The purpose of this individual report is to give you an avenue to present your viewpoint as to how the project went, how the group worked together, and your role in the group. Each group member must complete this form to report on the contributions of yourself and the other group members. That information can, if needed, be used to adjust final grades of individuals. This is a report private between you and the instructors, meaning that none of your classmates will see this report.

Appendix#

Working collaboratively in GitHub#

As we progress through the course, you will be learning more and more about GitHub and how to work collaboratively on code. Since this is the first time many of you are using Git, I recommend that if you are working in a group, you avoid editing each others’ files until you are more familiar with git. Below are a few things you may find useful as you continue your git journey.

Git Branches#

Git branches were introduced in Milestone 2.

Pull requests#

Once you have created a branch and “completed” a feature, it’s time to merge the feature back to the main (or master) branch. Of course, as you learned in the tutorial you can do this yourself, but in general it’s a good idea for another teammate to review your work before it is merged into master. This is where Pull Requests come in:

https://guides.github.com/activities/hello-world/pr-tab.gif

To create pull requests (even students working solo can do this), you can follow Steps 4 and 5 from here, and then assign a reviewer (from your group) to look at your code.

Git Issues, Milestones, Labels, and Assignees#

From GitHub’s documentation:

Issues are a great way to keep track of tasks, enhancements, and bugs for your projects. They’re kind of like email—except they can be shared and discussed with the rest of your team. Most software projects have a bug tracker of some kind. GitHub’s tracker is called Issues, and has its own section in every repository.

Labels are a great way to organize different types of issues. Issues can have as many labels as you want, and you can filter by one or many labels at once.

Milestones, are groups of issues that correspond to a project, feature, or time period. People use them in many different ways in software development.

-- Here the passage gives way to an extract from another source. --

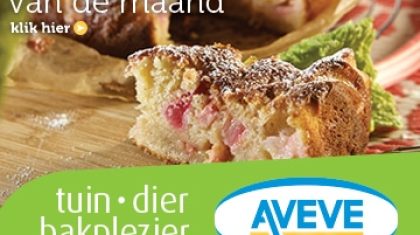 AVEVE_banner-360x300-Recept-2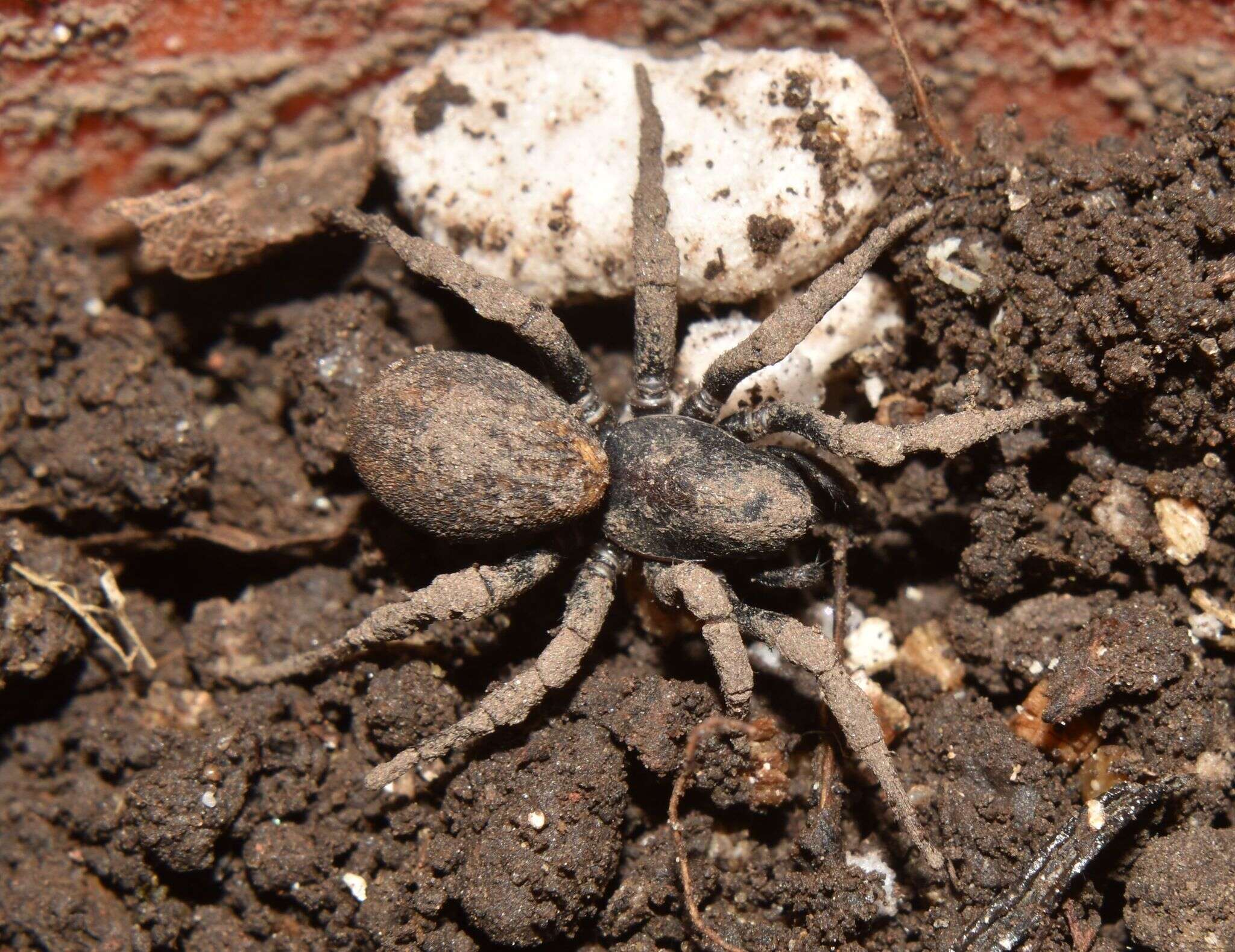 Слика од Cybaeodamus meridionalis Lise, Ott & Rodrigues 2009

Assignees are a great way to filter, categorize issues, and remember what you’re responsible to do. Each issue can have an assignee — one person that’s responsible for moving the issue forward. Assignees are selected the same way milestones are, through the grey bar at the top of the issue.

You can change or add a milestone, an assignee, and labels by clicking their corresponding gears in the sidebar on the right.

How to pull the most recent changes to your computer#

If you edit your code on the GitHub web interface, or if another use commits to your repository, to update the repository with the most recent changes, you should always start a working session by running this command in your git repository (using either Terminal or GitBash):

git pull

This will make sure your local computer is updated with any changes. If you expect that some of the same files have been edited (or if your git pull fails), you can try:

git pull --no-ff

Commit and push your changes often while you work to stay in sync.